_What is needed_
Copy exactly the lines of the material below that run from the one containing "Męski dres rozmiar" through the one containing "Hypoallergenic Geometric C-shaped". Copy no other lines.

++++ Excerpted records

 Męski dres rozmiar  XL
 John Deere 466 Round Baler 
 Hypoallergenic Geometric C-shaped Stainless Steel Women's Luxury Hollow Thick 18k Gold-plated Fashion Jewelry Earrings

++++++++
++++ Excerpted records

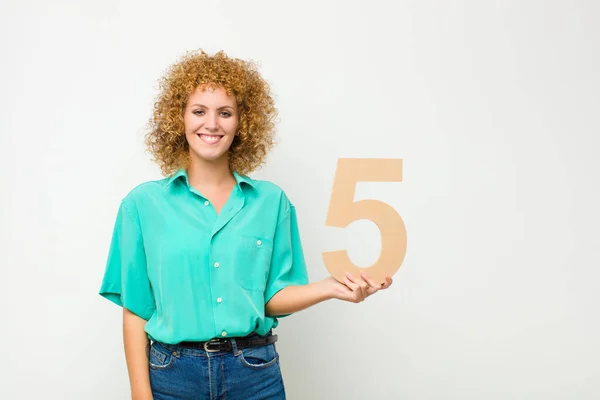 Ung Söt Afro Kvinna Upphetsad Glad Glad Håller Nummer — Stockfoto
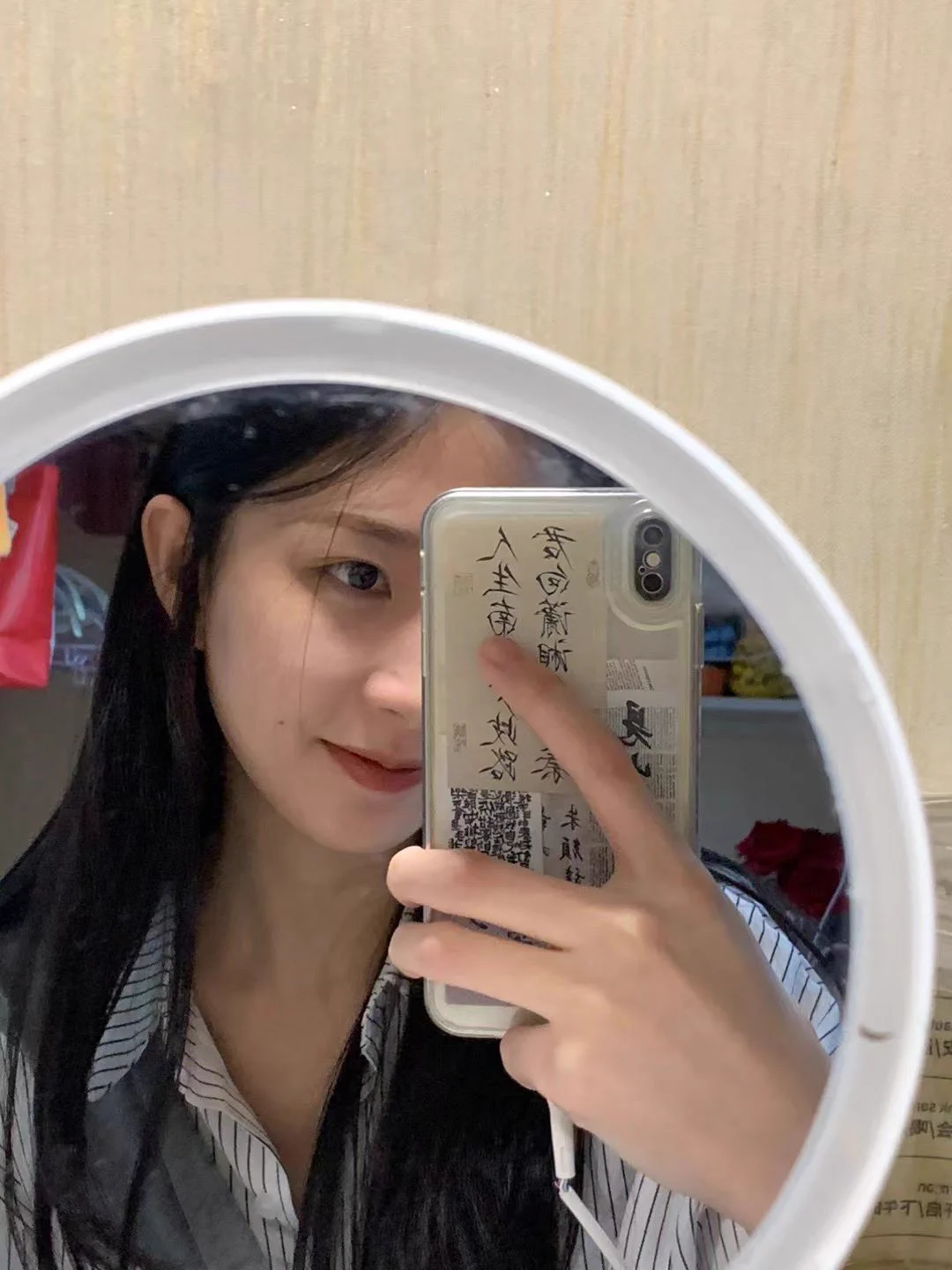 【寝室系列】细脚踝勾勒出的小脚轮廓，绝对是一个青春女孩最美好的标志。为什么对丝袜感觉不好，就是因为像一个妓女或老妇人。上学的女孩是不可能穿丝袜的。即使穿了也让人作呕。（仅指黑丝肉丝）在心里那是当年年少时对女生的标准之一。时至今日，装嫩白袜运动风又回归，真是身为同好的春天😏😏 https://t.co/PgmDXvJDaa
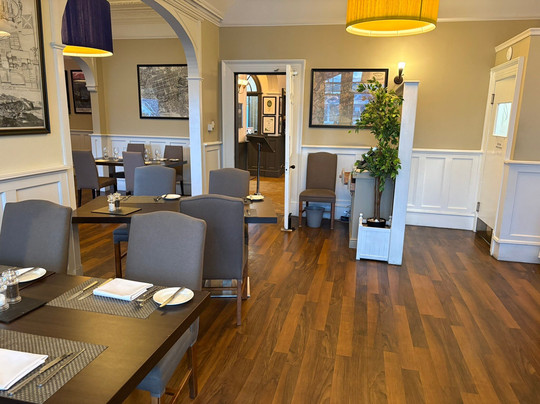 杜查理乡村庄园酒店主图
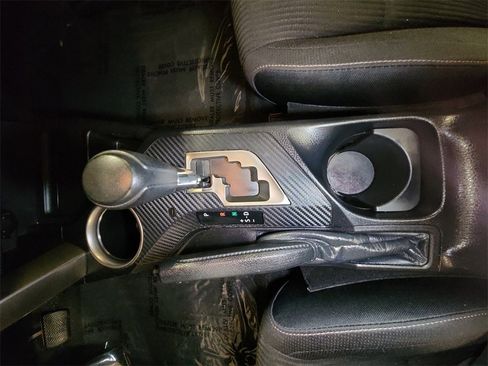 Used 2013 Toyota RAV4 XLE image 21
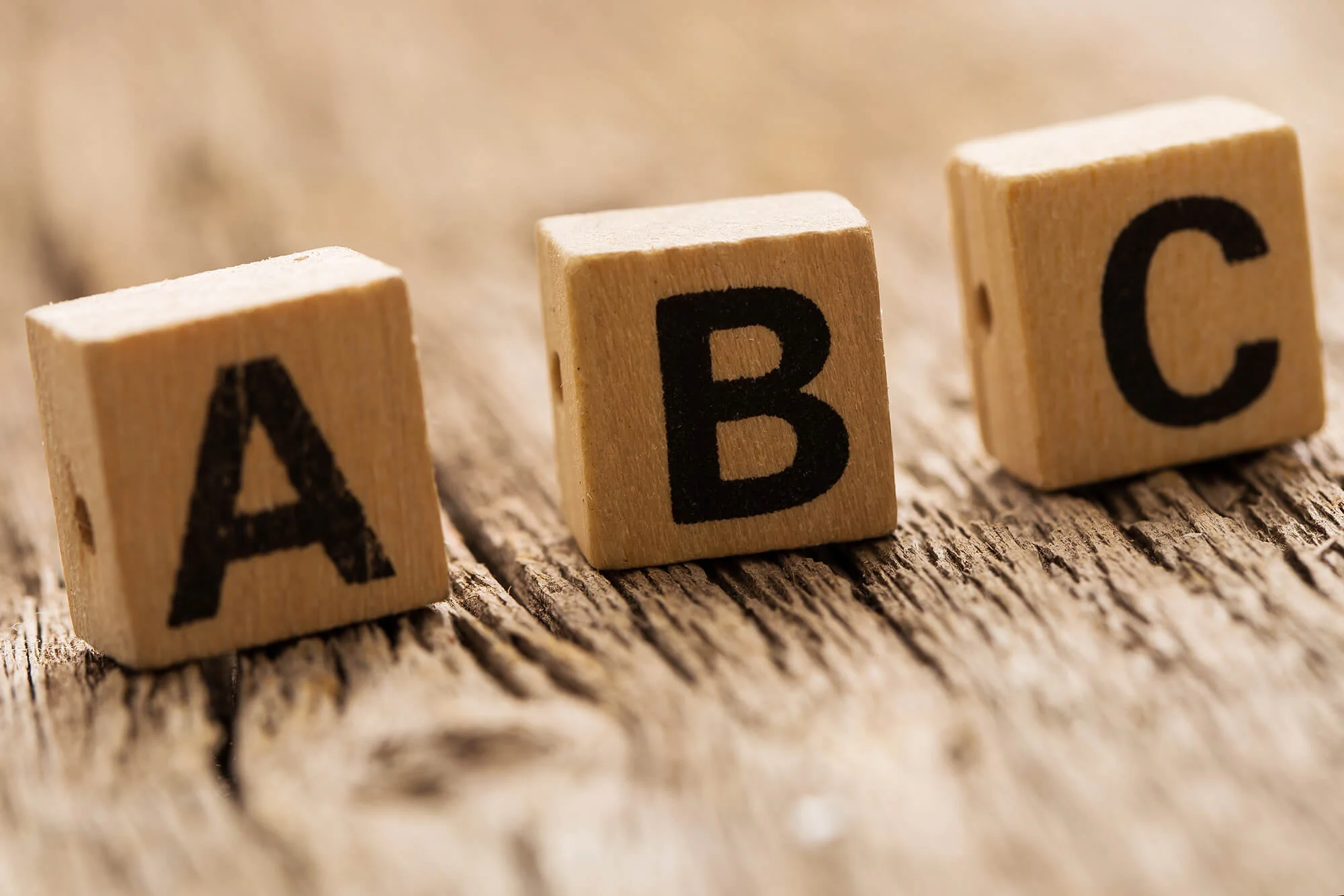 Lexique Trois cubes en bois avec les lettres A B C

++++++++

_Exercise output_
 Męski dres rozmiar  XL
 John Deere 466 Round Baler 
 Hypoallergenic Geometric C-shaped Stainless Steel Women's Luxury Hollow Thick 18k Gold-plated Fashion Jewelry Earrings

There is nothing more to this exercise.